Licking County Landscapes and the Distribution of Prehistoric Occupation Sites

Tod Frolking (Department of Geology, Denison University, Granville, Ohio, USA)

Laura Harris Symposium on Native American Culture, Denison University, Granville, Ohio, USA

13 April 2005

 

Licking County, Ohio was partially covered by the Scioto Lobe during the last Wisconsinan Glaciation.  As the Scioto Lobe moved southward, its eastern margin squeezed eastward.  So, ice moved from west to east through Licking County during the Wisconsinan Glaciation.  Till plains in western Licking County are usually clay-rich, resulting in not-well-drained soils.  The eastern side of Licking County has a mix of surface materials.

 

The last glacial maximum was at 18-20 k.y.

At 18 k.y., there were only a few upland mounds near Newark exposed above the ice in Licking County, as the glaciers began to melt.  Everything else was ice.

By 16.5 k.y., the ice was melting away & stagnating.  A lobe of ice was present in the upper Raccoon Valley, and an outwash valley train was downstream of it.

Glaciers are very dirty places - lots of sediments, lots of slumping of debris.  They are also dusty places.  In the winter, when melting stops, wind blows dust along.

By 15.5 k.y., all ice is gone from Licking County and Franklin County.  A few remnant ice blocks (kettles) in the Raccoon Creek Valley.

Now, there’s a deeper fluvial channel carved into glacial sediments - it's a wider modern floodplain cutting through outwash material.  We’ve also got rugged uplands now - they show little impact from the ice.  Uplands have till-mantled ridges.

 

Sherm Byers of the Burning Tree Golf Course found a mastodon in 1989 after hiring a backhoe to scoop out peat to modify his golf driving surface.  The back of the skull was found/hit first - the backhoe operator felt resistance.  The Burning Tree Mastodon is a ~complete skeleton.  Tod Frolking helped to excavate this specimen.  This mastodon dates to 11.5 k.y., based on woody material recovered from near the bones.  Intestinal contents were recovered.  Bone cut markings were observed.  The Burning Tree Mastodon’s environment was an open spruce woodland with ponds.
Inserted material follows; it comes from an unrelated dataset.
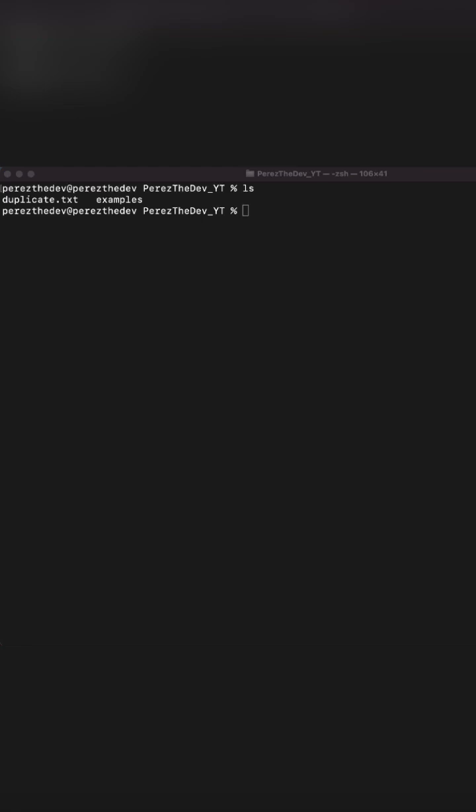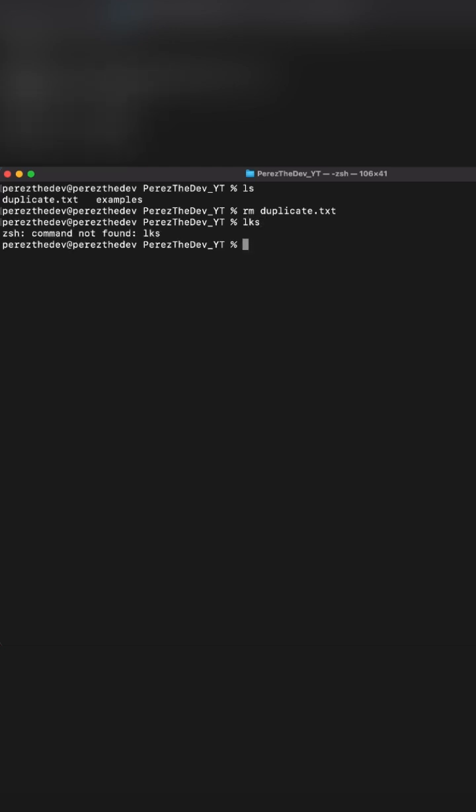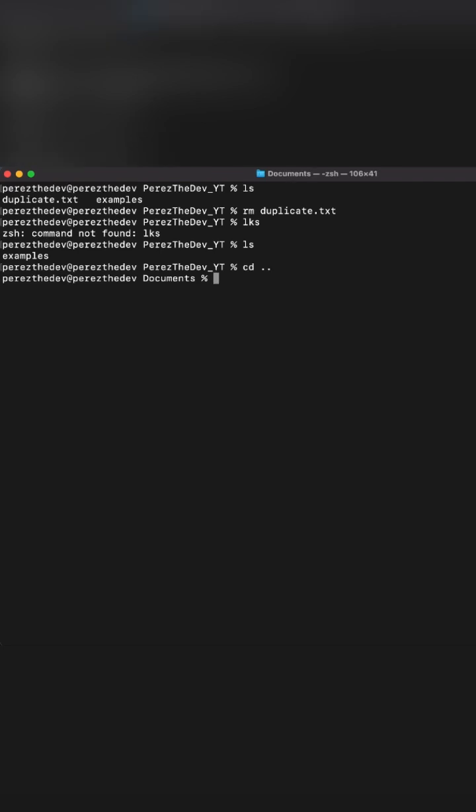We're going to use the RM command, which stands for remove. It's going to remove a file. So we'll remove the duplicate file right there. Now we see we've removed the actual duplicate file. We're going to change the directory one step back.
The time of year of death was determined, as was the mastodon’s diet (not spruce, as regarded previously).  The mastodon was butchered, and buried in a winter pond as a cache - determined based on the array of bones - bones were in 4 groups.  So, there were people in Licking County at least by then - Paleo-Indians (? to 10,000 years).

 

The end-Pleistocene/early Holocene extinction was due to human activity - the same extinction is seen in Australia, occurring once people arrived.  Note that the animals of this extinction survived all previous Pleistocene Ice Age changes.

Smoot Lake, south of Utica, is the only natural lake in Licking County - a kettle lake.  It has been cored to obtain sedimentary cores.  See Ogden & Hay (1967) - did pollen abundance analysis in Torren’s Bog, near Smoot Lake.

Can see a big change in pollen at 11-12 k.y. - spruce was briefly replaced by Pinus (pines), followed by Quercus (oak) & Carya (hickory) dominating at ~10 k.y. to now.  Then, modern clear-cutting resulted in a spike in weed pollen.

 

Forest canopies dissipate energy from storms - water drips to ground.  So, ground erosion is zero to near-zero in such settings.  So, little landscape change once forests developed after glaciers melt away.  Once the landscape stabilized, got vertical percolation of water + leaf settling, resulting in the development of soil horizons.

A horizon of a soil can develop quickly, in just 10-20 years.

The B horizon of a soil develops slowly - over 1000s and 1000s of years; even after 100,000 yrs., B horizons are still developing.

 

The outwash terrace of Raccoon Creek Valley is well-drained & flat, resulting in good soils.

 

Get perennial springs at the Logan-Cuyahoga Formation boundary, along the flanks of the hills straddling the Raccoon Valley, near the top of the outwash terrace.  Springs are common around Granville, including on Denison University campus.

 

The Munson Spring site, in Munson Hollow, on east side of Granville (just east of Jones Road, northern side of Newark-Granville Road) is now covered by a housing development.  Artifacts were found there at 20-30 cm below the surface.  But, the soils there have demonstrably had no deposition of material since ~10 k.y.  How did artifacts get submerged in soil?  Involution model - soil bioturbation results in artifact sinking - earthworms churn soil - fine sediments cover artifacts - worms can’t move flint.  Ants and earthworms can bring a tremendous amount of fine material to the surface - this has been observed.

 

Alligator Mound in Granville, Ohio was built ~820-840 years ago, apparently - not built by the Woodland culture as traditionally interpreted.  If  it is 820-840 years old, the Ft. Ancient culture was responsible.  Alligator Mound, interpreted to represent a panther, is one of only two effigy mounds in all of Ohio.